Exit les déplacements harassants, place à la technologie. Pour les retraités directs, la reconnaissance faciale (R-Face) devient le sésame pour prouver qu’ils sont toujours de ce monde – une innovation sécurisée, dixit la CNR. Pour les retraités dits « dérivés » – veuves, orphelins ou ascendants – l’affaire se corse légèrement : en plus de jouer les modèles face caméra, ils devront scanner et uploader une flopée de justificatifs. Une fois le parcours du combattant numérique achevé, une notification salvatrice viendra, en principe, confirmer le succès de l’opération. Pratique ? Sur le papier, oui. Mais quid de ceux qui n’ont ni smartphone dernier cri ni maîtrise des arcanes du digital ?
La CNR joue la carte de l’organisation : chaque mois, un contingent de retraités est appelé à remplir son devoir administratif, selon son mois de naissance. Mars 2025, c’est au tour des natifs du printemps. Une répartition censée désengorger les agences locales, mais qui soulève une question : cette segmentation rigide est-elle vraiment au service des usagers ou de la bureaucratie ? Car les documents exigés, eux, ne rigolent pas avec la paperasse. Pour les retraités directs, un extrait de naissance ou un certificat de vie suffisent – jusque-là, ça va.
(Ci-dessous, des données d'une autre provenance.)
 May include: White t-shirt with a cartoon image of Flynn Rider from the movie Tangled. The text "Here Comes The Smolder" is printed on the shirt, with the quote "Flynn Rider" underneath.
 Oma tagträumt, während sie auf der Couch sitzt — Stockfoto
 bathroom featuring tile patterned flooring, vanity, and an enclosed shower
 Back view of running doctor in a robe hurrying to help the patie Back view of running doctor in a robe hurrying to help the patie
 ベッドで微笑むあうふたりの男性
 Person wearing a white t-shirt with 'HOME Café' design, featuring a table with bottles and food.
Mais pour les autres, c’est une autre paire de manches : veuves priées de prouver leur non-remariage, orphelines majeures sommées de jurer célibat et inactivité professionnelle, ascendants contraints de brandir des actes notariés à jour… La liste est longue, et les clics risquent de s’éterniser.
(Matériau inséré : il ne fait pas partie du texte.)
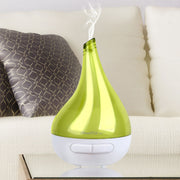 Green and white humidifier on a couch with steam rising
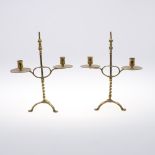 A PAIR OF BRASS ADJUSTABLE CANDELABRA. on turned and twist stems with twin sconces and tripod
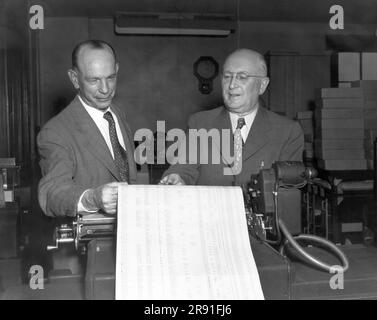 Cleveland, Ohio:  1951 Executives viewing printed out data sheets at the Erie Railroad offices. Stock Photo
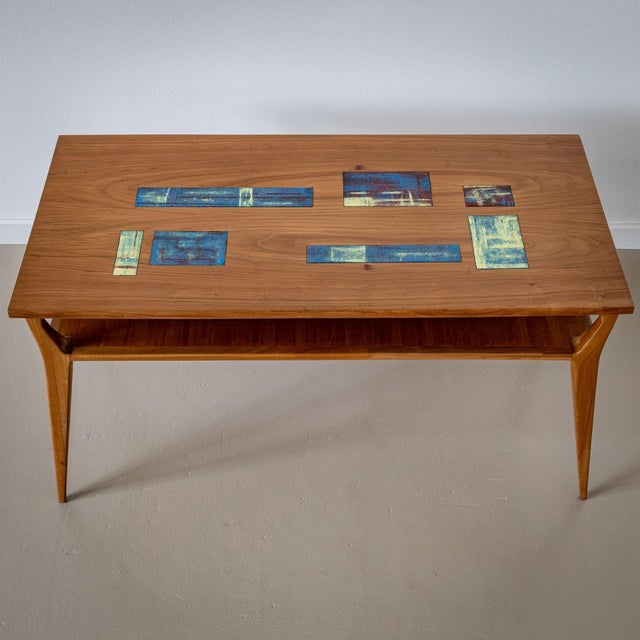 Coffee table on conical legs with a rectangular table top. The table top is inlaid with colorful glazed ceramic discs in...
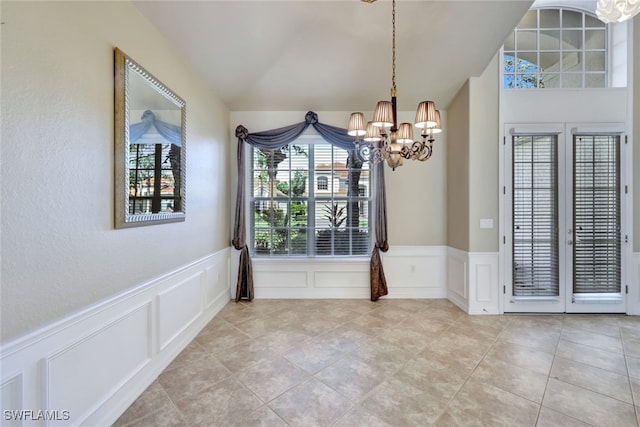 unfurnished dining area featuring light tile patterned floors, an inviting chandelier, and french doors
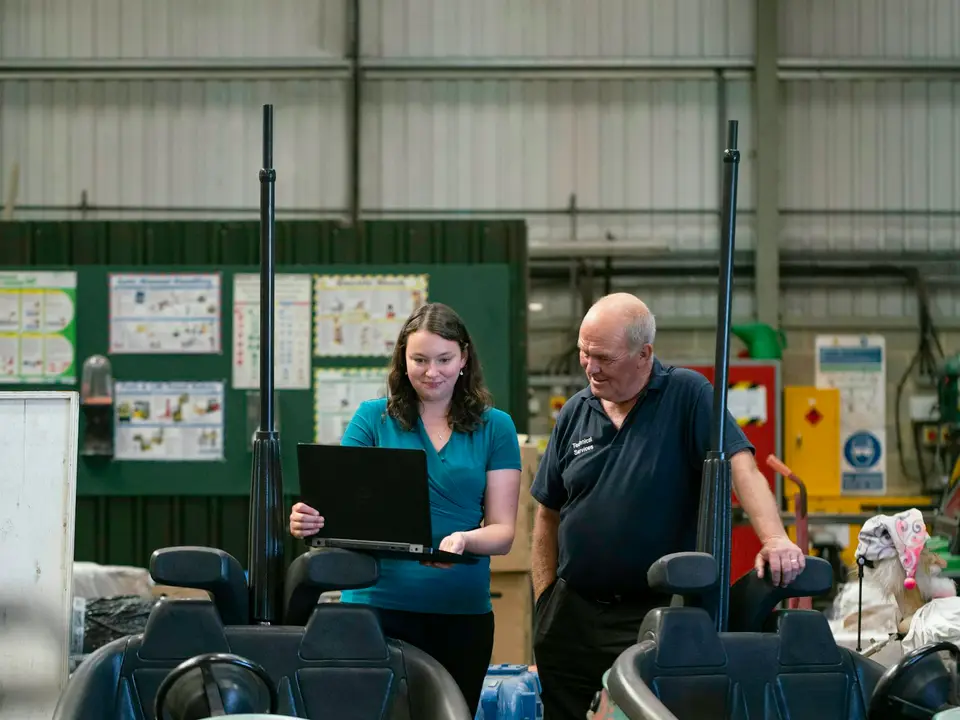 Two colleagues reviewing details on a laptop in a production facility.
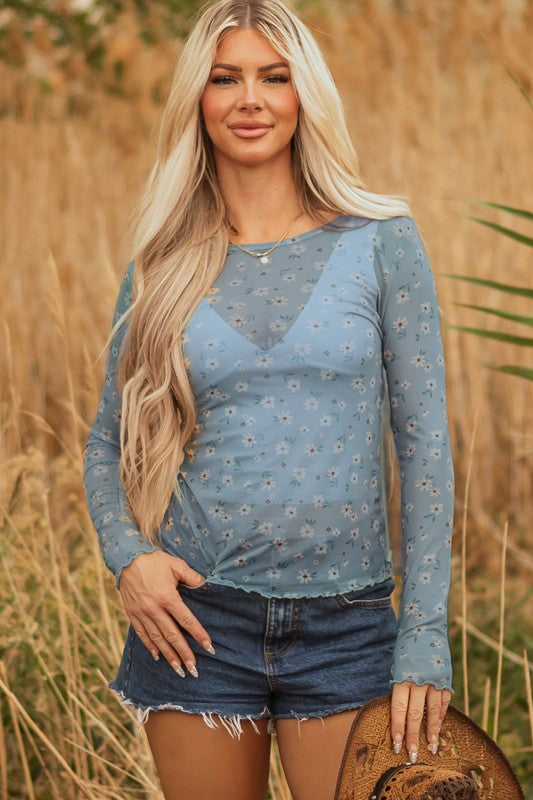 Lady in a sheer blue floral top and frayed denim shorts, holding a straw hat, effortless, breezy style perfect for sunny outdoor days.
Si l’intention est louable – moderniser, fluidifier, dématérialiser –, le passage au tout-numérique pourrait bien laisser sur le carreau une frange de la population. Les retraités, souvent peu familiers des applis et des scans, risquent de se retrouver face à un mur technologique. Et que dire de l’accès inégal à Internet ou aux équipements nécessaires ? La CNR mise gros sur Retraite Dz, mais sans accompagnement tangible, cette « révolution » pourrait n’être qu’un gadget pour les uns et un casse-tête pour les autres.